Он никому из нас ничего не выговаривал, ничего не приказывал, только присутствовал при вылетах да подписывал «добро» на метеосводках. А что он мог сказать опытнейшим летчикам, великолепно знающим свое дело?
И все же его не любили. Фамилия его была Вознесенский, и за ним, с легкой руки Белоуса, закрепилась кличка «поп».
Однажды вечером, когда я шел на диспетчерский пункт за разрешением на ночной вылет, меня встретил моторист. Помялся, помялся, что-то хотел сказать и не решился.
Я подбодрил:
— Ты что, Карасев?
Моторист обернулся, нет ли кого сзади, и, запинаясь, начал:
— Я к вам как к члену партбюро. Вот. Ну… это… Наш каптенармус и его дружки… пропивают казенное белье…
Я удивился:
— Чудак! Чего же ты ко мне? Доложи командиру!
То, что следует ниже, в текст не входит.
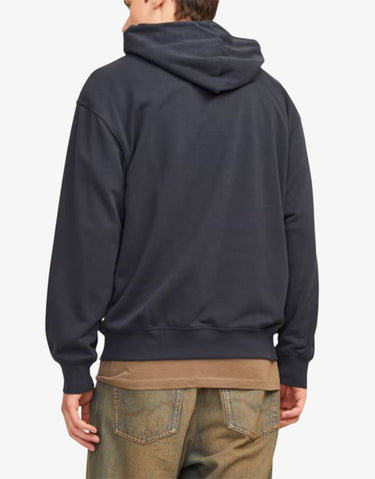 JACK&JONES Jjecharge Sweat Hood Noos Dark Navy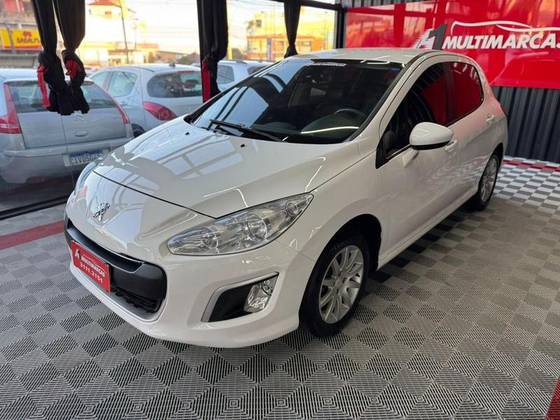 PEUGEOT 308 1.6 ACTIVE 16V FLEX 4P MANUAL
Карасев покраснел до ушей, опустил голову и замкнулся. Молчит.
Меня кольнула догадка.
— Та-а-ак. Ну-ну, давай — выкладывай.
Карасев поднял голову и кисло улыбнулся:
— Нельзя к командиру… Он… сам с ними пьет.
Мне стало гадко и неловко перед мотористом. Офицер, получающий высокий должностной оклад, отличное бесплатное питание, да еще находясь в тылу, вдали от фронтовых опасностей, и вдруг потворствует такому делу!.. Я не знал, что сказать Карасеву. В бюро меня ввели недавно, и обещать что-нибудь…
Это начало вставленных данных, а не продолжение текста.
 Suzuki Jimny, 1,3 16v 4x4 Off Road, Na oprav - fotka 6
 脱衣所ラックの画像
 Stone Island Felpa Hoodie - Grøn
— Ладно, иди, я поговорю с командиром.
Карасев как-то испуганно вскинул на меня глаза, что-то хотел сказать, но вместо этого пожал плечами и отошел.
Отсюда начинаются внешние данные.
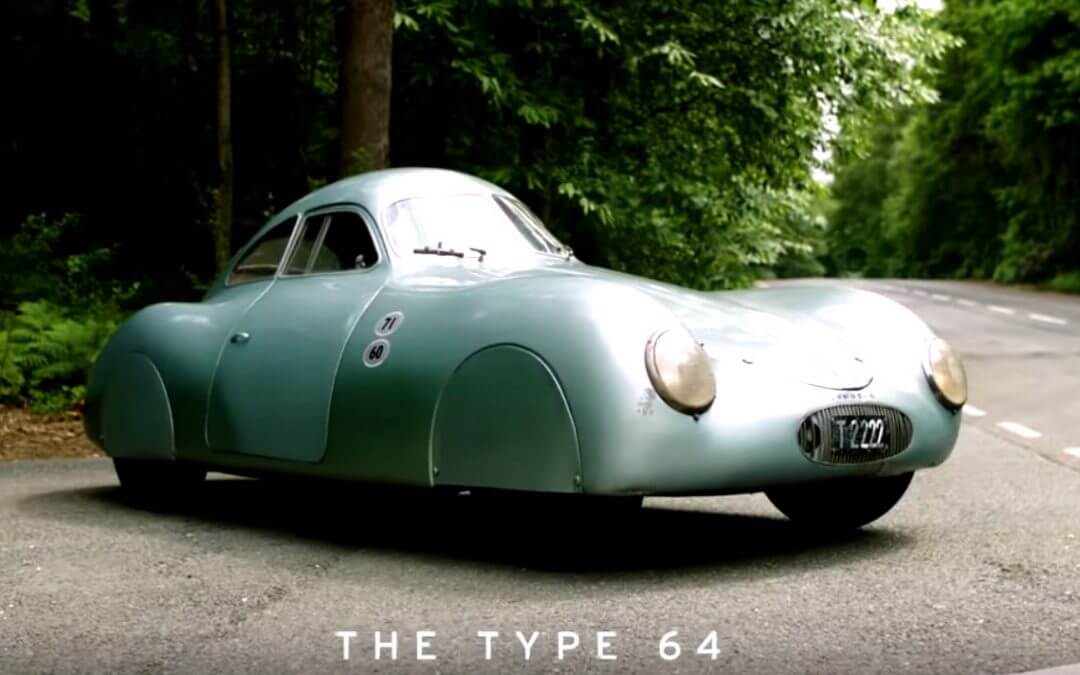 VIDEO: The Type 64 – The Car That Started It All (The first Porsche Ever Made)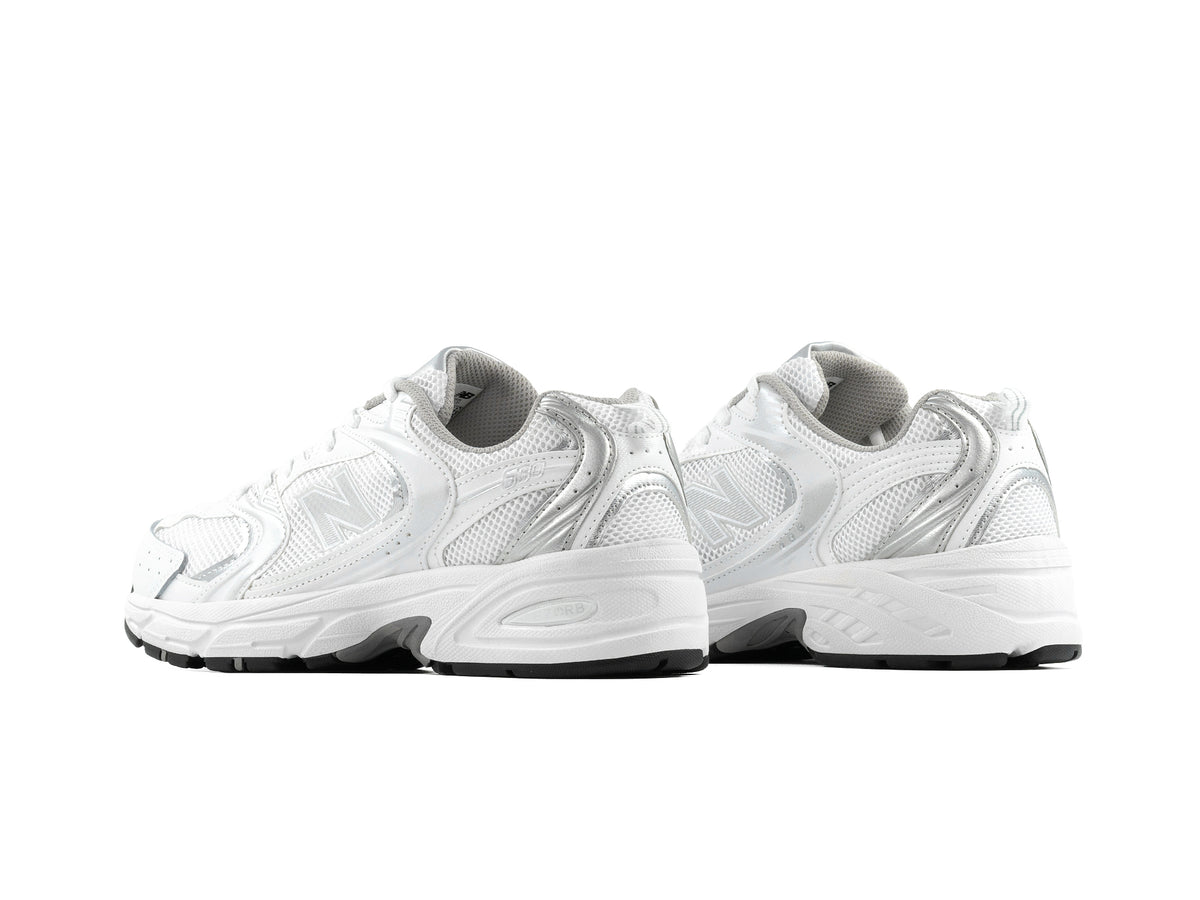 Tenis New Balance 530 White Silver Importado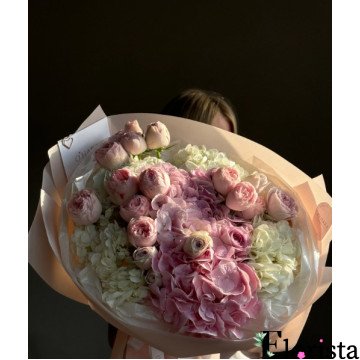 Букет квітів Ніжний ранок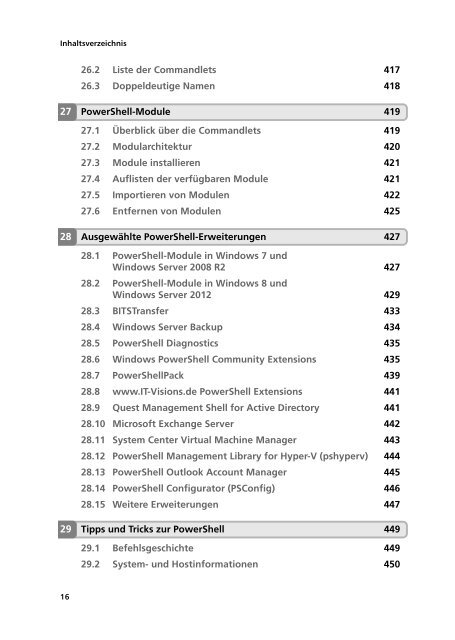 Windows PowerShell 3.0 Das Praxisbuch *978-3 ... - Addison-Wesley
А я уже накалился. Конечно, здесь наверняка сказалась вся моя неприязнь к Вознесенскому. В памяти всплыли мелочные реплики и тонкие уколы, которые он иногда мне отпускал как бы невзначай. Видимо, зная мое отношение к нему, он платил мне той же монетой. А может быть, он видел во мне претендента на его командирское кресло?
Конечно, у него были преимущества: он имел «иммунитет». Командир — фигура непререкаемая, и любой конфликт всегда решился бы в его пользу. Я это знал, но ничего с собой не мог поделать. Поэтому, взбежав по крутой деревянной лестнице на второй этаж, где мы на метеопункте получали бланк погоды, и увидев Вознесенского, стоявшего спиной к двери, возле барьера, я почувствовал, как у меня сбилось дыхание и затрепетали ноздри.
— Здравствуйте! — вызывающе бросил я, с неприязнью уставившись на квадратный зад Вознесенского. — Как погода. Костя?
Синоптик Дворовой, по прозвищу Журавль, близоруко сощурившись, двумя пальцами поправил очки и, двинув кадыком на длинной тощей шее, доброжелательно ответил:
— Для вас — всегда хорошая! Как по заказу: сплошная облачность, высота нижней кромки 300 метров. Возможен снегопад. Температура воздуха минус двадцать пять. Все! Желаю вам счастливого полета, — и протянул мне бланк.
Вознесенский, так и не ответивший на мое приветствие, не оборачиваясь, двумя пальцами, подчеркнуто небрежно перехватил листок, положил его перед собой на крышку барьера и, готовясь его подписать, сказал тусклым голосом:
— Между прочим, лейтенант метеослужбы товарищ Дворовой сейчас при исполнении своих служебных обязанностей, и обращение к нему по имени здесь неуместно.
Дворовой отпрянул, словно получил пощечину, и как-то по-детски заморгал глазами.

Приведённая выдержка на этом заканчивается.